**PROBLEM DESCRIPTION:** Below is a listing; print exactly its lines from the one containing "Żelki - Żelki" down to the one containing "Stadsloop Gent 2018", both inclusive, with every picture left out.

-*-

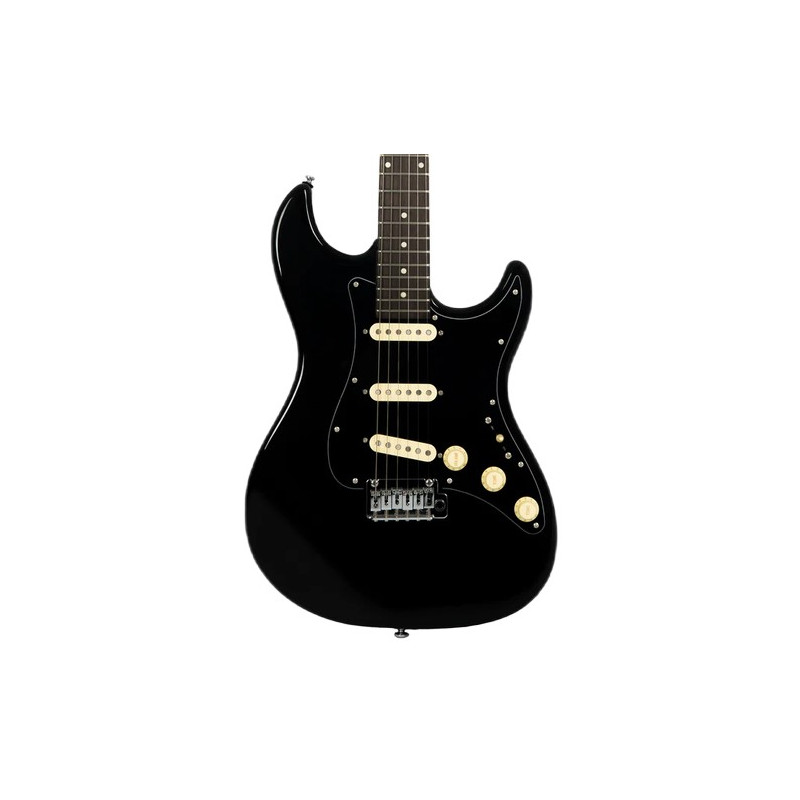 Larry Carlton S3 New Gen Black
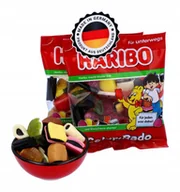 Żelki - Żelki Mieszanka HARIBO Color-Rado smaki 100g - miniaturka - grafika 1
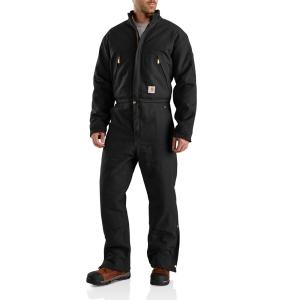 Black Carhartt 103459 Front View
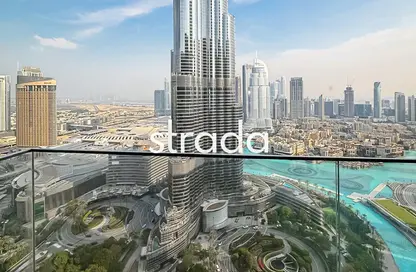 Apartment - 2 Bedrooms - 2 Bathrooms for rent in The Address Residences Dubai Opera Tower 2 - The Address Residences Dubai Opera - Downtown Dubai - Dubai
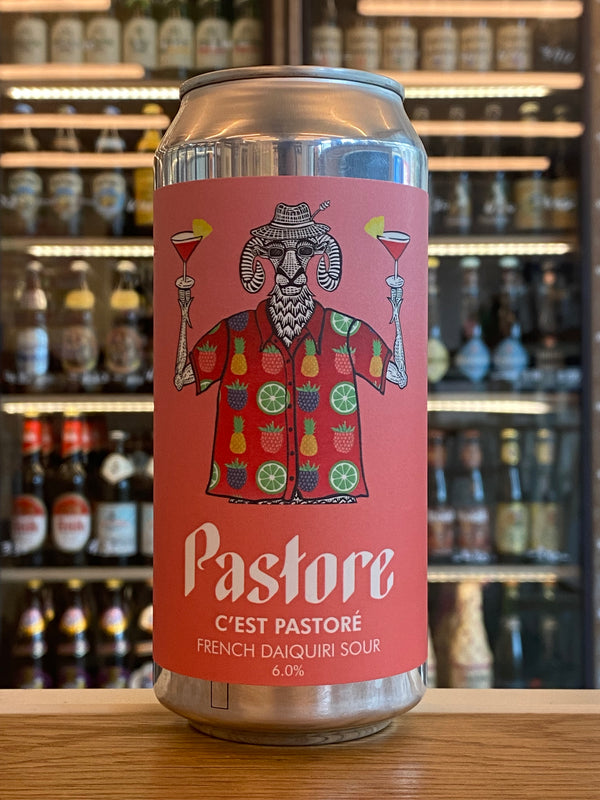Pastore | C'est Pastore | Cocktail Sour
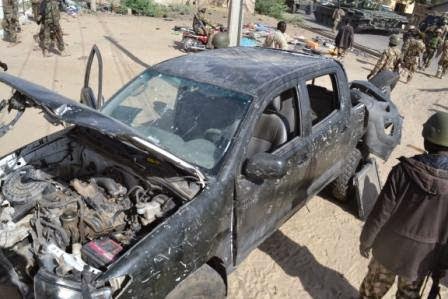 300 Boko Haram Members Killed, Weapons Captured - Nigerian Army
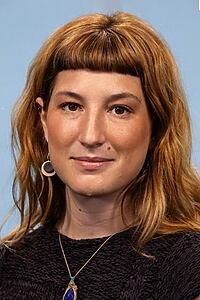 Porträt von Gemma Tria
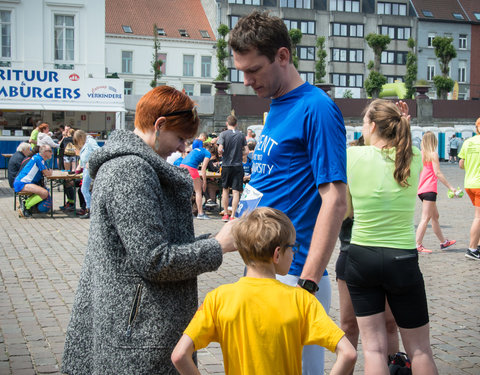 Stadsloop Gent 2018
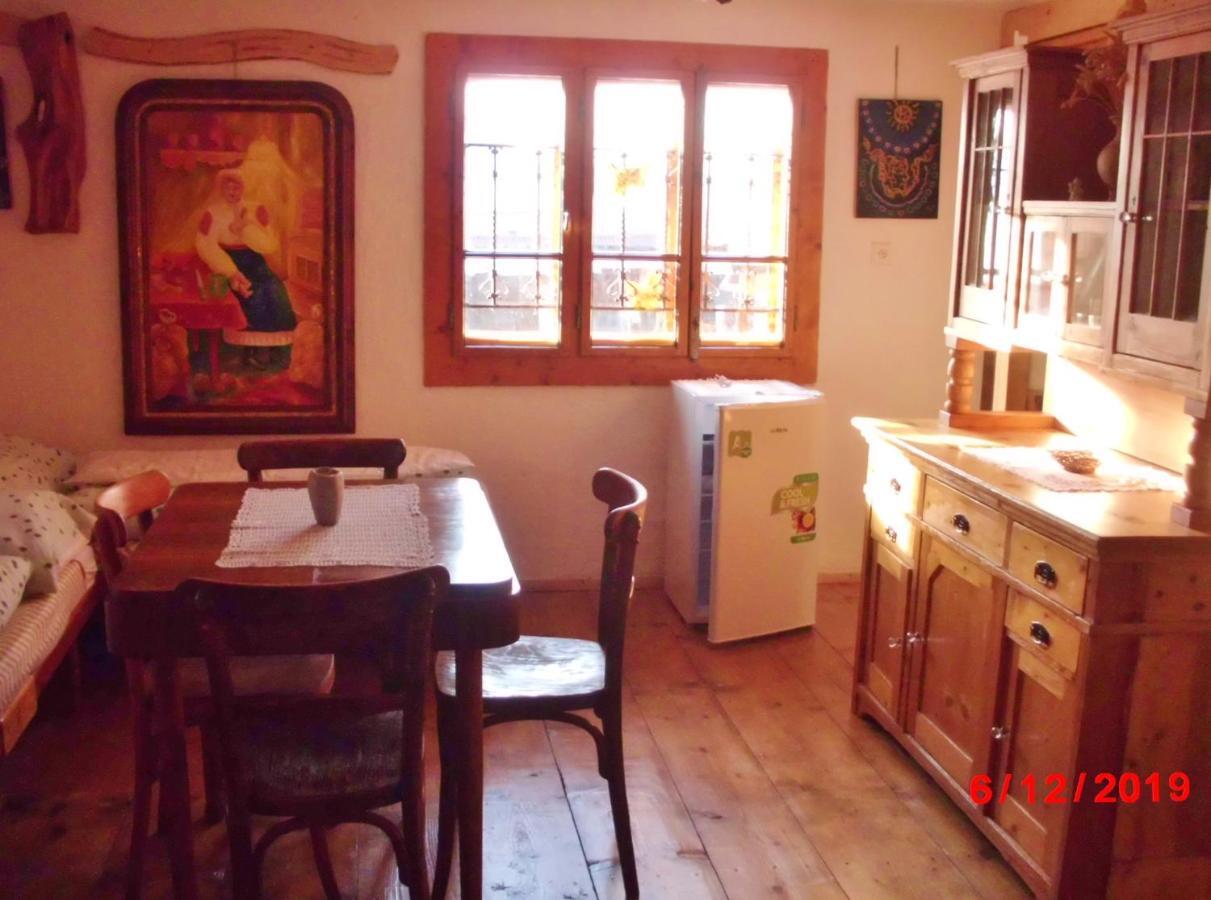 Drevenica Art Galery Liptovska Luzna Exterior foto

-*-

**ANSWER SPACE:**
 Żelki - Żelki Mieszanka HARIBO Color-Rado smaki 100g - miniaturka - grafika 1
 Black Carhartt 103459 Front View
 Apartment - 2 Bedrooms - 2 Bathrooms for rent in The Address Residences Dubai Opera Tower 2 - The Address Residences Dubai Opera - Downtown Dubai - Dubai
Pastore | C'est Pastore | Cocktail Sour
 300 Boko Haram Members Killed, Weapons Captured - Nigerian Army
 Porträt von Gemma Tria
 Stadsloop Gent 2018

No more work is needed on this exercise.